• **THE DATA**
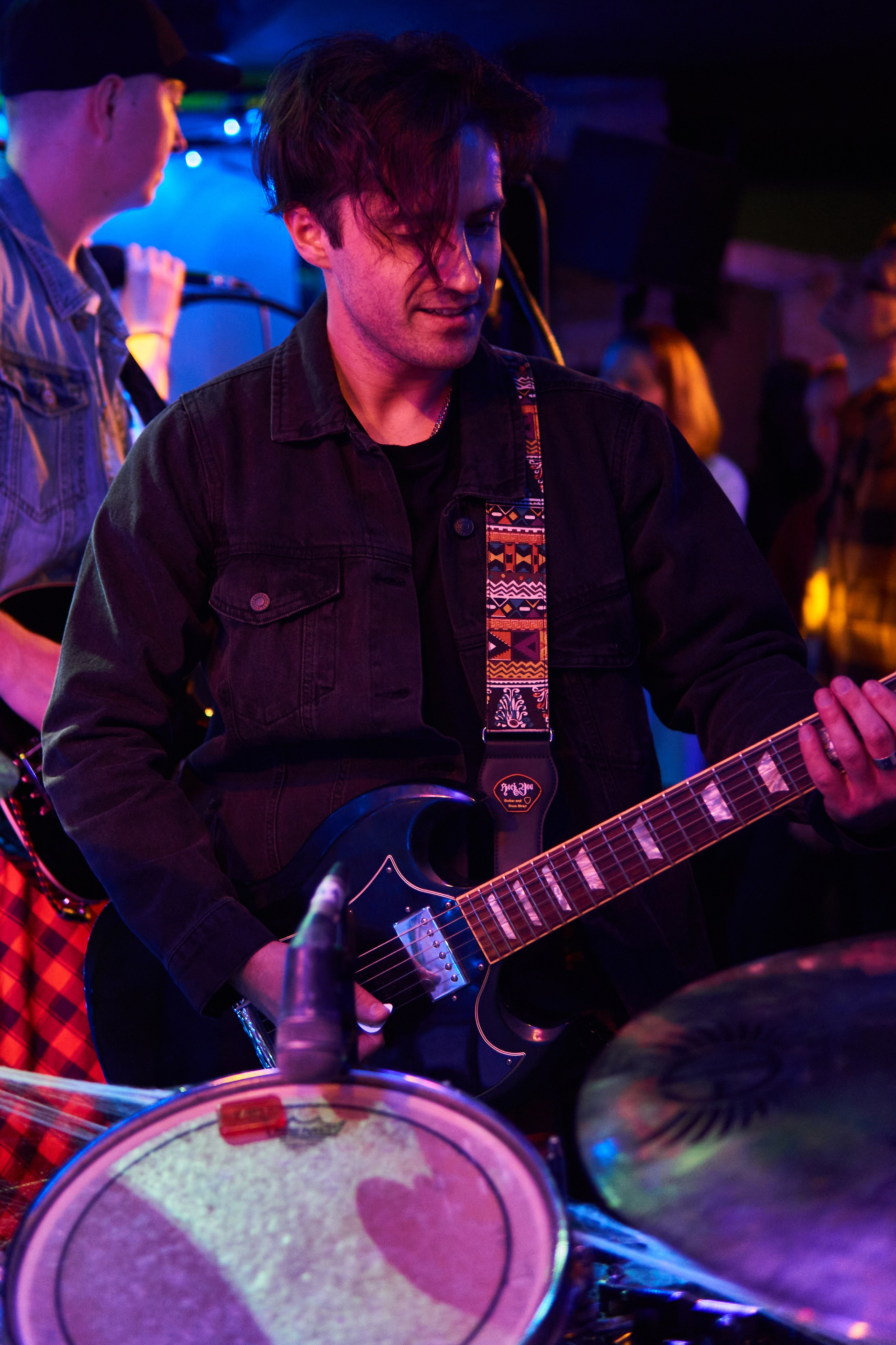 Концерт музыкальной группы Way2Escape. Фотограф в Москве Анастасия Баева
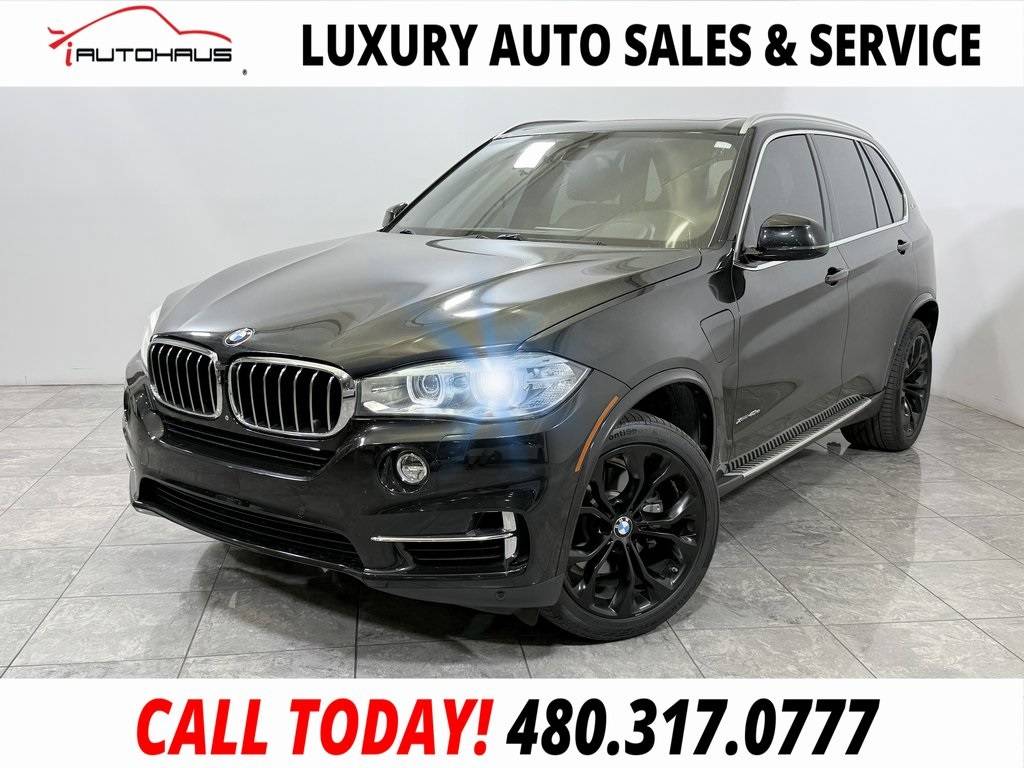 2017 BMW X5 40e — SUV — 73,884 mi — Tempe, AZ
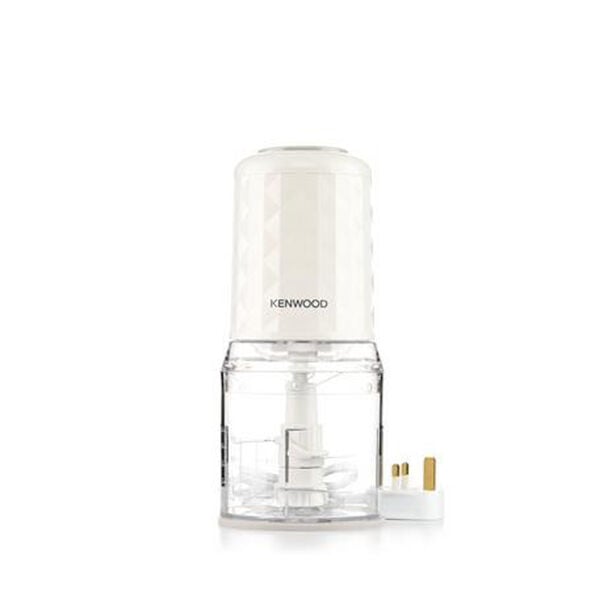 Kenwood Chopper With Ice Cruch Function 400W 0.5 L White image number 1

• **TASK DETAILS**
Print the material again word for word. Please drop every picture.

• **ANSWER SPACE**
 Концерт музыкальной группы Way2Escape. Фотограф в Москве Анастасия Баева
 2017 BMW X5 40e — SUV — 73,884 mi — Tempe, AZ
 Kenwood Chopper With Ice Cruch Function 400W 0.5 L White image number 1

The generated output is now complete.